WORK TO BE COMPLETED: Retype the listing exactly, with no images.

PROVIDED DATA:
━━━━━━━━━━

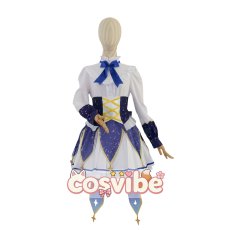 画像1: Re:ゼロから始める異世界生活　レム　ラム　誕生日生活2025 in マルイ　コスプレ衣装　 コスチューム　 cosplay　イベント仮装 (1)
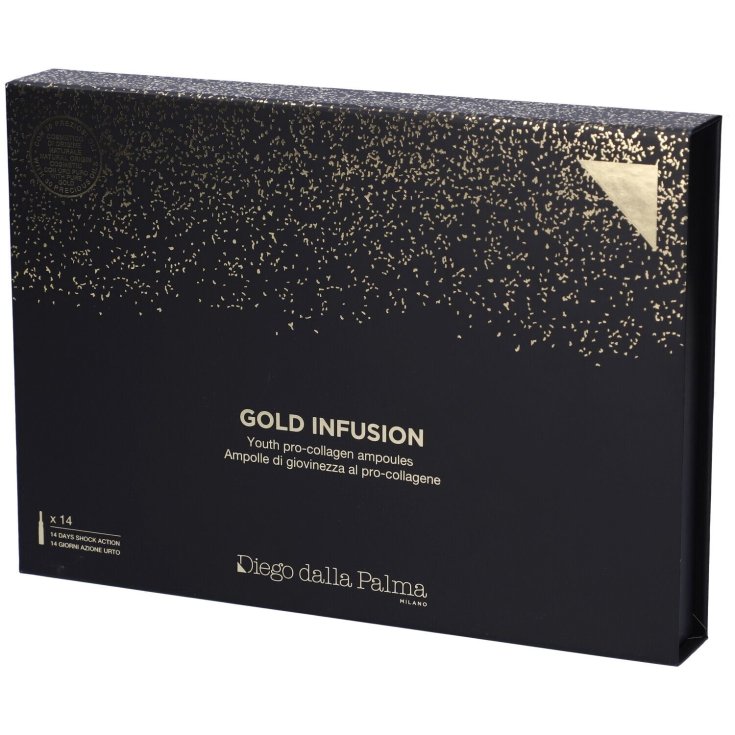 Gold Infusion Diego Dalla Palma 7x2ml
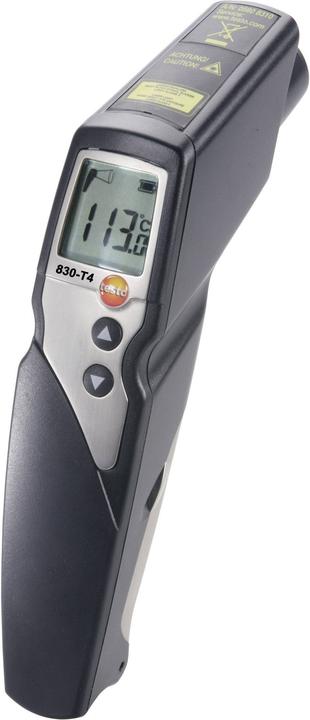 Produktbild Testo Infrarot-Thermometer 830-T4 Op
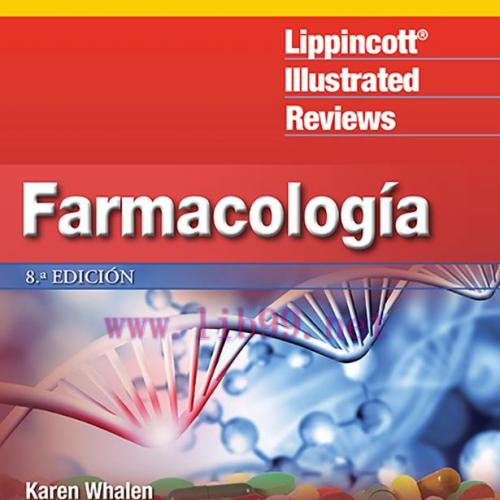 [AME]LIR. Farmacolog&iacute;a, 8th Edition (EPUB)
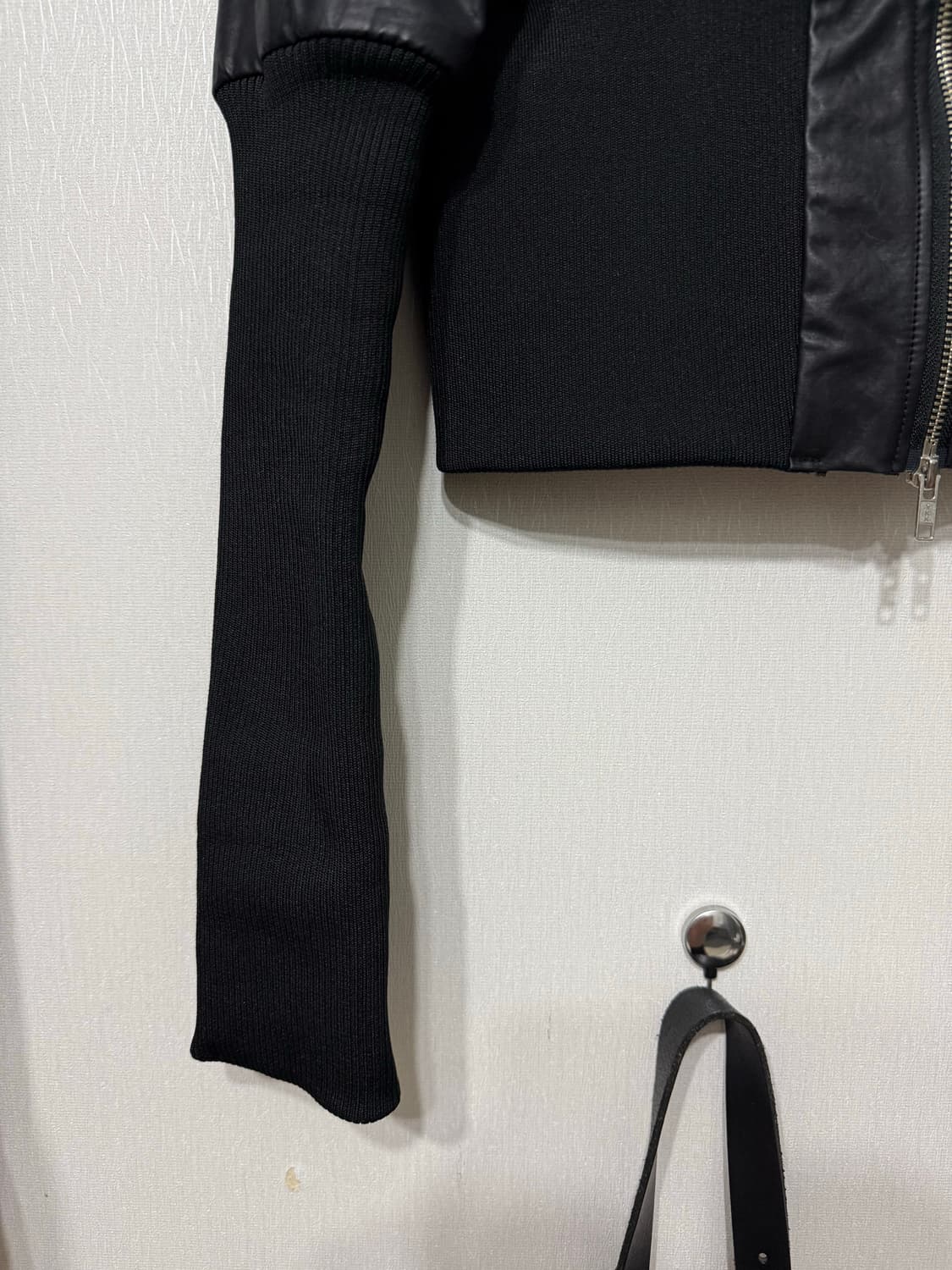 yyyy CAVIN OF VIOLENCE BARK LIGHT MA-1 상품이미지6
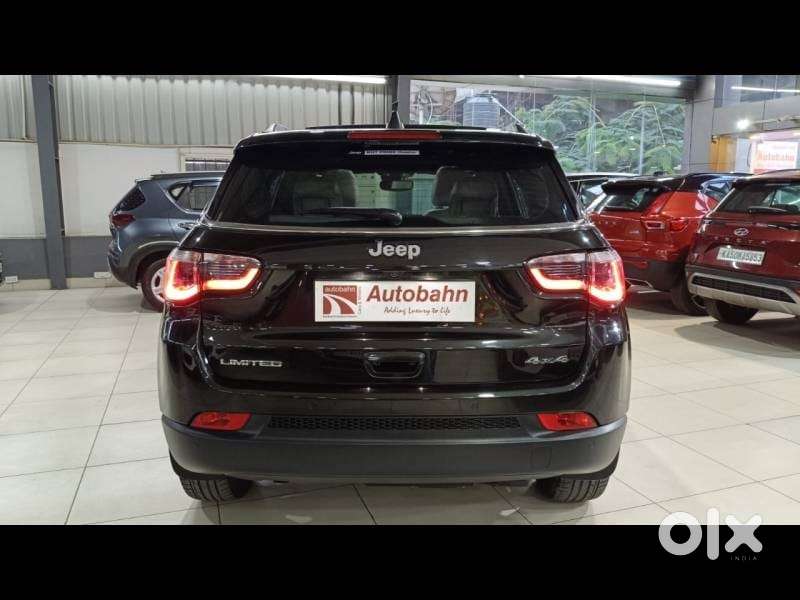 Jeep Compass 2.0 Limited (o) Diesel 4x4 At, 2023, Diesel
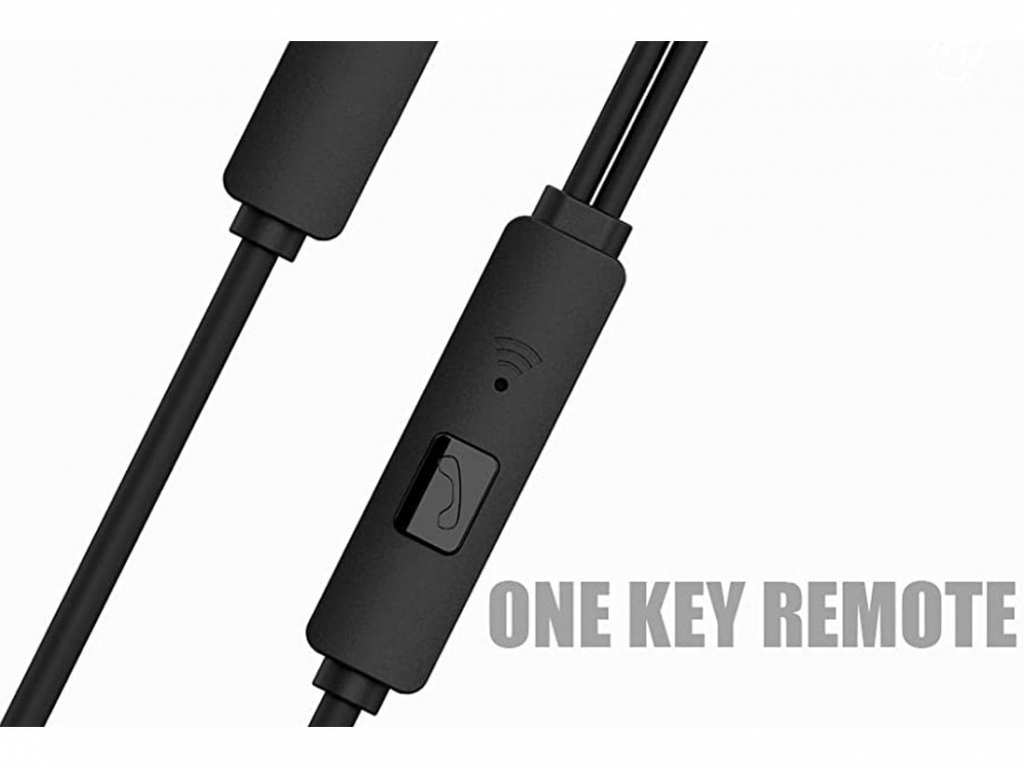 هدفون سیمی با جک 3.5 میلیمتری ایکساو XO In-ear Earphon 1.2m EP31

━━━━━━━━━━

REPLY:
 画像1: Re:ゼロから始める異世界生活　レム　ラム　誕生日生活2025 in マルイ　コスプレ衣装　 コスチューム　 cosplay　イベント仮装 (1)
 Gold Infusion Diego Dalla Palma 7x2ml
 Produktbild Testo Infrarot-Thermometer 830-T4 Op
 [AME]LIR. Farmacolog&iacute;a, 8th Edition (EPUB)
 yyyy CAVIN OF VIOLENCE BARK LIGHT MA-1 상품이미지6
 Jeep Compass 2.0 Limited (o) Diesel 4x4 At, 2023, Diesel
 هدفون سیمی با جک 3.5 میلیمتری ایکساو XO In-ear Earphon 1.2m EP31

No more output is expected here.